The European Commission’s New Year resolution of imposing a limit over carbon dioxide emissions on all the airlines flying to or from Europe airports has created furore in the Aviation Industry. The EU Emissions Trading Scheme (ETS) has drawn howls of protest from the airlines industry and is forcing them to make tough decisions.
With a motive to continue its operations in Europe, Etihad, the fastest growing carrier of Abu Dhabi has decided to hike fuel surcharge on all its flights arriving on or departing from Europe airport. The predominant factor behind this reluctant move is to offset the scheme costs under which airlines will be charged for the slew of carbon emitted by airplanes.

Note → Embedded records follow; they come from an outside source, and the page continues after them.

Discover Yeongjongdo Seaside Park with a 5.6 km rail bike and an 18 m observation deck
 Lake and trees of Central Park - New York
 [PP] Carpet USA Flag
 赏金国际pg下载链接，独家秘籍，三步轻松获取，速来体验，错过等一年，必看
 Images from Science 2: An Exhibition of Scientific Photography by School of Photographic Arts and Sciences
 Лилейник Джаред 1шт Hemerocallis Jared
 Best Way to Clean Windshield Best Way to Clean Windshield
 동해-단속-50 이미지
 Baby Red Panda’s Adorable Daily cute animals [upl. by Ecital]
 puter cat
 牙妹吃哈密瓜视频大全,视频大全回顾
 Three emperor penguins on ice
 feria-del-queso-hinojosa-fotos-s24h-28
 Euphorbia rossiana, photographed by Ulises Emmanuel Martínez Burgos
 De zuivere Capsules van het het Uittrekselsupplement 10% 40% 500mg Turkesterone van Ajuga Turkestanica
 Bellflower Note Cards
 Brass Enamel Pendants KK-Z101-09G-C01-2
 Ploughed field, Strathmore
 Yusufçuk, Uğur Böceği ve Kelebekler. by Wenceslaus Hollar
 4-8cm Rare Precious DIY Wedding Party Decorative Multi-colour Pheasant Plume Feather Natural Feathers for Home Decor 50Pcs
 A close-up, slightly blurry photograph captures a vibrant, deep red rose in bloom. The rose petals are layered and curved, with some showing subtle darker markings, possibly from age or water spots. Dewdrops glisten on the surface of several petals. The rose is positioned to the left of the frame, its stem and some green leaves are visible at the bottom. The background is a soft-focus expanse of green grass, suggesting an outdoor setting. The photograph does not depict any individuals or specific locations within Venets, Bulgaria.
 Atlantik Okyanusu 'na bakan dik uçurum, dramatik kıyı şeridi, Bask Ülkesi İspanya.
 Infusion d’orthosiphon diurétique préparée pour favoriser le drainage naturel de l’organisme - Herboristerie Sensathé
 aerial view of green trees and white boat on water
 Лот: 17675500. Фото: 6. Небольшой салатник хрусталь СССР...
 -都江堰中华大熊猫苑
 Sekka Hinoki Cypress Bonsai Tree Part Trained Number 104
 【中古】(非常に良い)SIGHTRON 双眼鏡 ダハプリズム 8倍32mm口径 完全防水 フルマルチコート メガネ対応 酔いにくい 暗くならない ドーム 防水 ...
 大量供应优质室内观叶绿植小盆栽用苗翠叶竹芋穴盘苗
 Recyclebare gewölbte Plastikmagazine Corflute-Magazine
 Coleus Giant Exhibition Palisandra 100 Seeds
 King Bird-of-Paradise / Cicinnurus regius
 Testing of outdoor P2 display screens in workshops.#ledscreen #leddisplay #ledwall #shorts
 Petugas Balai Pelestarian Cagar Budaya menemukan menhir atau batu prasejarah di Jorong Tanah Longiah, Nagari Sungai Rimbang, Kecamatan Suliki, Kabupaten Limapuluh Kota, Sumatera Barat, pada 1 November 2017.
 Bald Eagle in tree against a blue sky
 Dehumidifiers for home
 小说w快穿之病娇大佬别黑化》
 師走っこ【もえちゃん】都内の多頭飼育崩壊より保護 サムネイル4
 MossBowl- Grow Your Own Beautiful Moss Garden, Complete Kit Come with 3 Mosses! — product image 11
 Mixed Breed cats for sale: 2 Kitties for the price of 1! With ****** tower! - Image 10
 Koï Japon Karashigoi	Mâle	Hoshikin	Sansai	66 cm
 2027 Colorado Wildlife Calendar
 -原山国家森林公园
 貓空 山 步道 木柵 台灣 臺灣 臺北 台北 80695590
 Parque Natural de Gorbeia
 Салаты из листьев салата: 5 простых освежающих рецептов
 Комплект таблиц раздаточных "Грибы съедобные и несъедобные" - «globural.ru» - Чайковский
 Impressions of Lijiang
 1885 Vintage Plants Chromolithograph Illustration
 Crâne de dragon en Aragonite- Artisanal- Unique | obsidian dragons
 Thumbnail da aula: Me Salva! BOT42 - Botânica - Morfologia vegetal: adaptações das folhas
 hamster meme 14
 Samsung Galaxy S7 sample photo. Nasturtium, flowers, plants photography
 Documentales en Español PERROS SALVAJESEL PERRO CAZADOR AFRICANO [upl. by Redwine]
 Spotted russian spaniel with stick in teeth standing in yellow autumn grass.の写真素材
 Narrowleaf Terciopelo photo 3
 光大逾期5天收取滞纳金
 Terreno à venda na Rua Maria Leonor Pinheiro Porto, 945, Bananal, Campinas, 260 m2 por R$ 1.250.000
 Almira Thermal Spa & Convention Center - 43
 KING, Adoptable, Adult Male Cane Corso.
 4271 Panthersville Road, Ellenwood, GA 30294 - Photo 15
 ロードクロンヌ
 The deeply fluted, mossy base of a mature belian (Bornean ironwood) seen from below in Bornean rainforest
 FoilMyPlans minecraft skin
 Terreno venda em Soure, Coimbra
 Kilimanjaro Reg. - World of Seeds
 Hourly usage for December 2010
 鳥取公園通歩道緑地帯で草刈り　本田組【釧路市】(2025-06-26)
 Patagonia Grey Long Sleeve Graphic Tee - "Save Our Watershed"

Known for offering its customers an extraordinary flying experience, the UAE flag carrier will now pass the additional costs to its customers. For passengers flying into or out of Europe will be charged $3 (AED11) and an amount of $0.03/ kg will be levied for cargo shipments on European flights. The same will take effect from 1 March 2012 to cover new carbon tax.
BEHIND THE SCENES
Though European Commission’s forced imposition sounds terrible to many, however, the reason behind this immediate action seems logical. As stated, the chief aim is to eliminate any possible aftermath of climatic changes on aviation industry. If the idea of alleviating airline’s carbon footprint is successfully implemented, it could erode nearly 35% of struggling industry profits.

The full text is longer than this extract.